Your objective: Line by line, repeat the data below exactly, beginning at the first line and ending at the line with "Big & Tall Hawaiian". Omit pictures.

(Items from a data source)
* * * * *

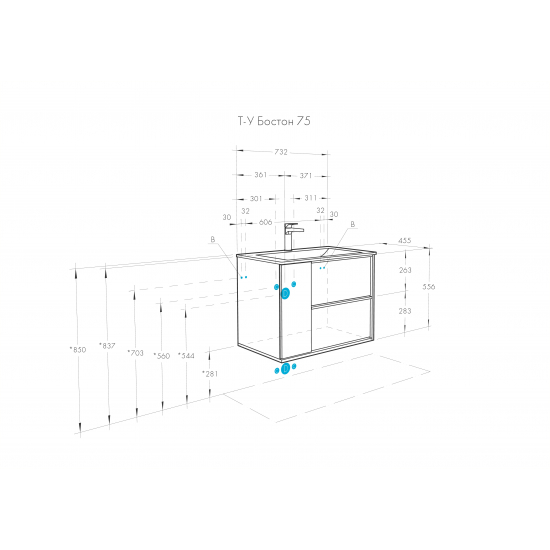 Тумба с раковиной АКВАТОН Бостон 75 дуб эврика, белая глянцевая, раковина Элина 75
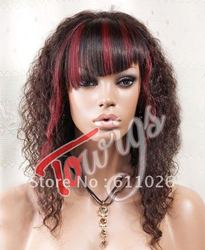 Hot Sale 16 inch #2 Curly With Fringe #2 Highlight #99J Brazilian remy hair full lace wig(China (Mainland))
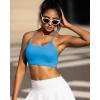 RUNNING GIRL Y-Back Sports Bras for Women, Medium Impact Wirefree Padded Bra Workout Crop Top Longline Sports Bra Push up(Bright Blue)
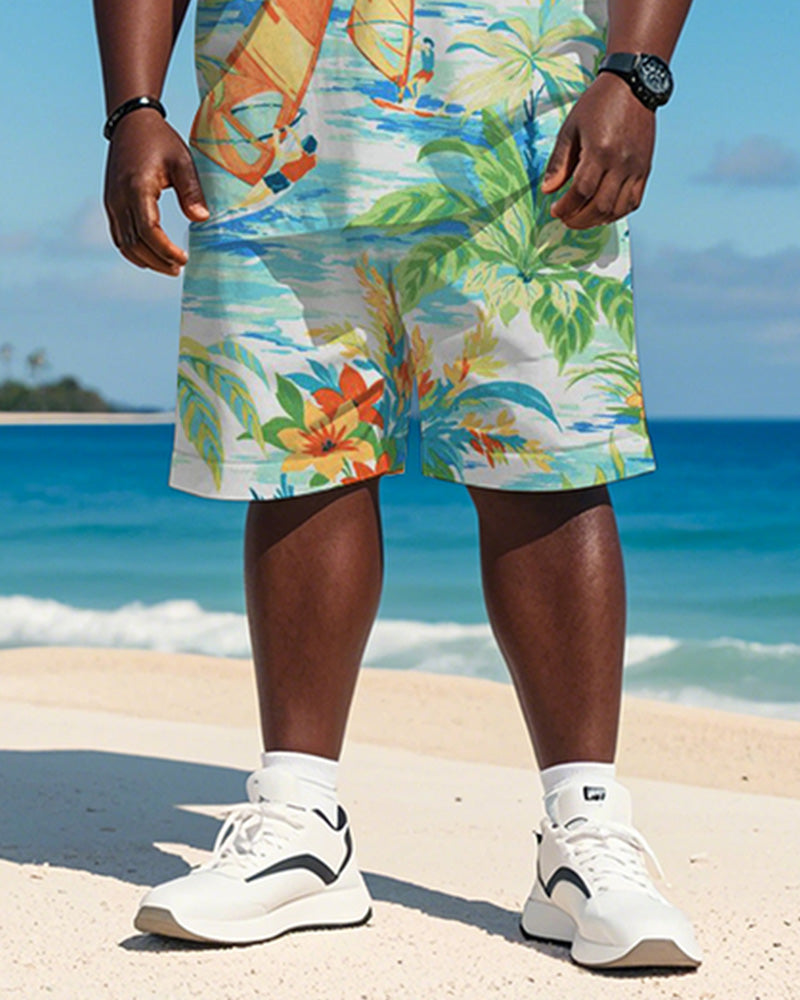 Big & Tall Hawaiian Graphic T-Shirt Shorts Set for big men view 3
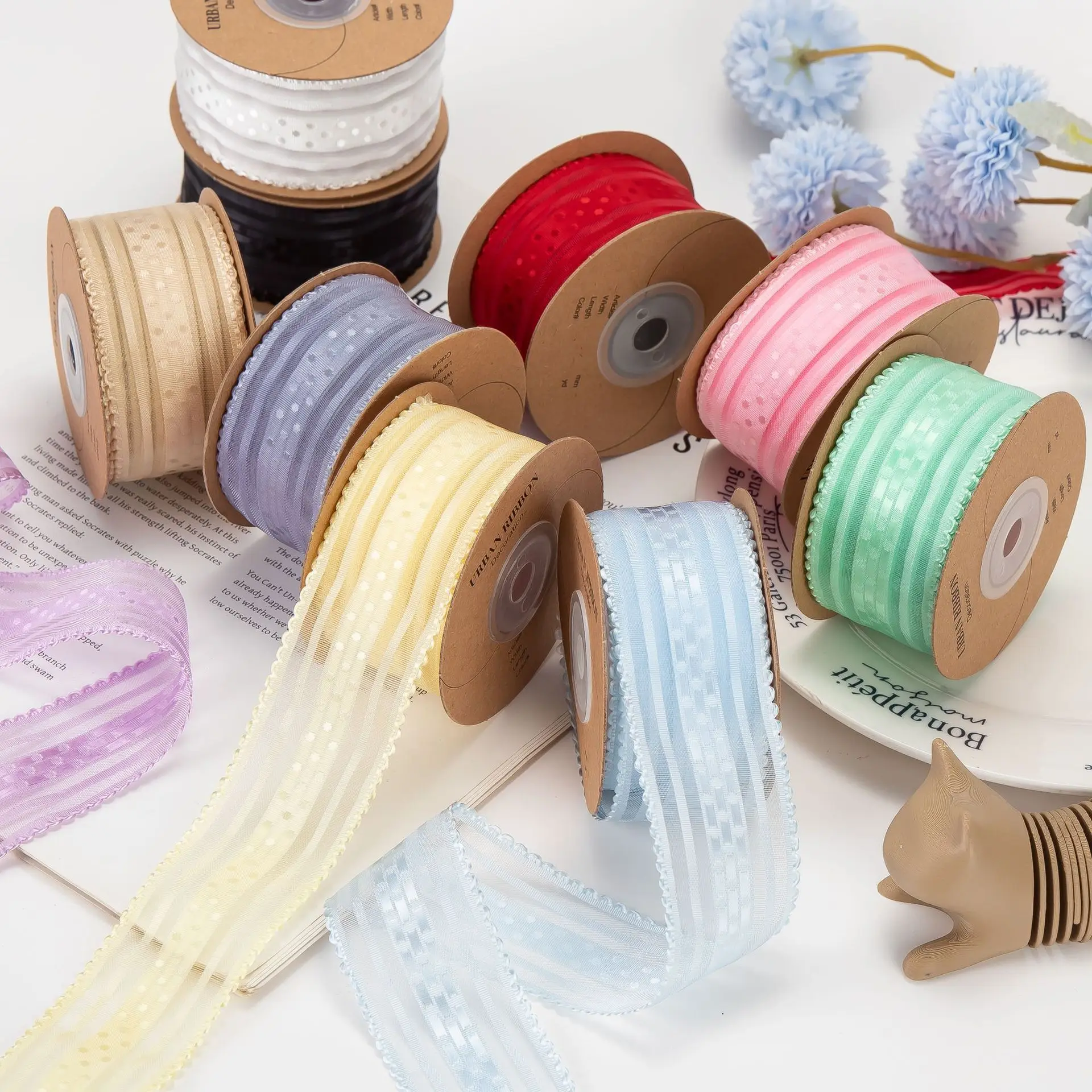 50 Yards Wave Point Triped Snow Gauze Ribbon Wave Edge DIY Bow Hair Accessories Hhildren's Clothing, Shoes Hats Gift Crafts Box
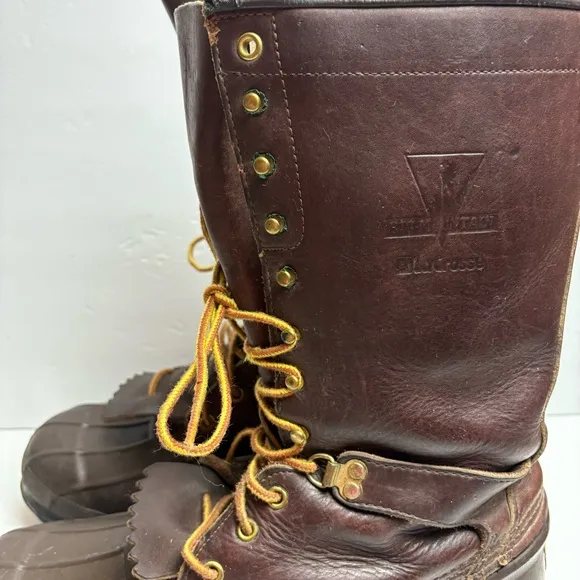 LaCrosse Big Mountain Vintage Brown Leather Snow Boots Duck Winter Tall Keltie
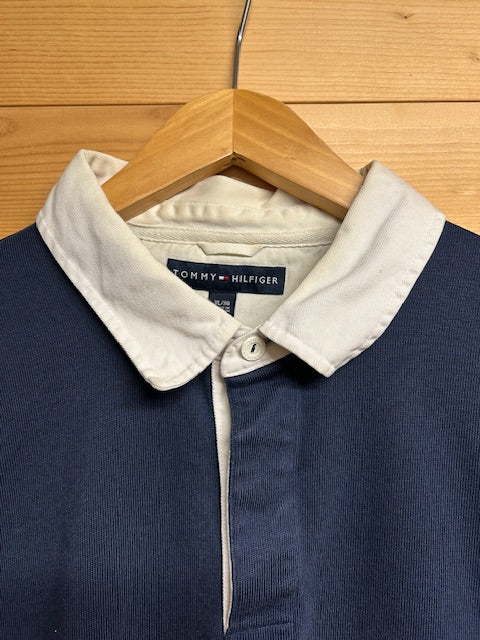 メンズヴィンテージ 長袖シャツ【TOMMY HILFIGER】ストライプ ネイビー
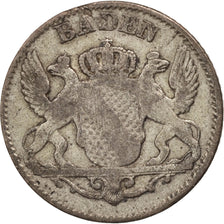 German States, BADEN, Leopold I, 6 Kreuzer, 1856, EF(40-45), Silver, KM:210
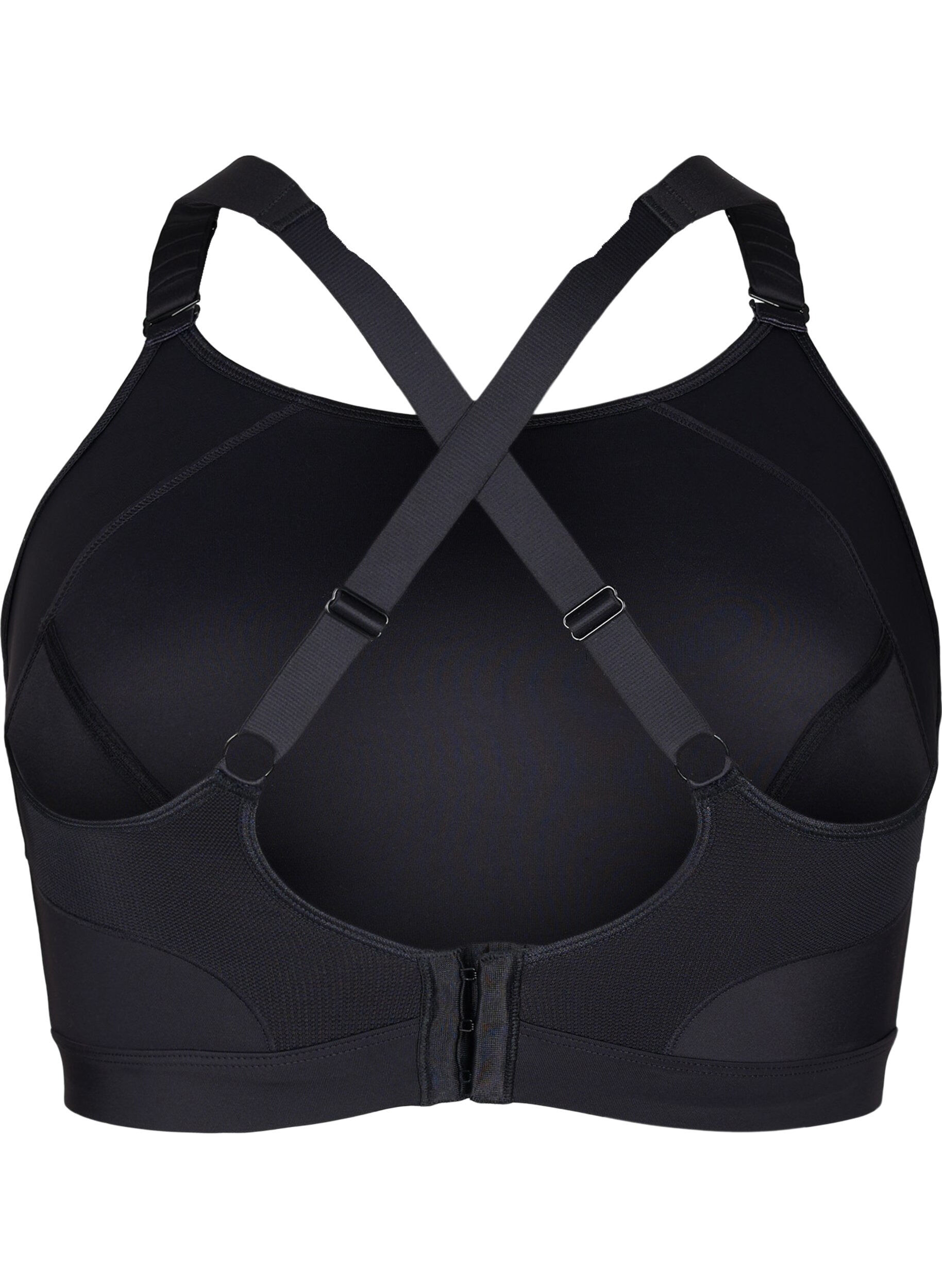 Zizzi CORE, SUPER HIGH, SPORTS BRA &ndash; Biustonosz sportowy z regulowanymi ramiaczkami, Black, Packshot image number 1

* * * * *

Task result:
 Тумба с раковиной АКВАТОН Бостон 75 дуб эврика, белая глянцевая, раковина Элина 75
 Hot Sale 16 inch #2 Curly With Fringe #2 Highlight #99J Brazilian remy hair full lace wig(China (Mainland))
 RUNNING GIRL Y-Back Sports Bras for Women, Medium Impact Wirefree Padded Bra Workout Crop Top Longline Sports Bra Push up(Bright Blue)
 Big & Tall Hawaiian Graphic T-Shirt Shorts Set for big men view 3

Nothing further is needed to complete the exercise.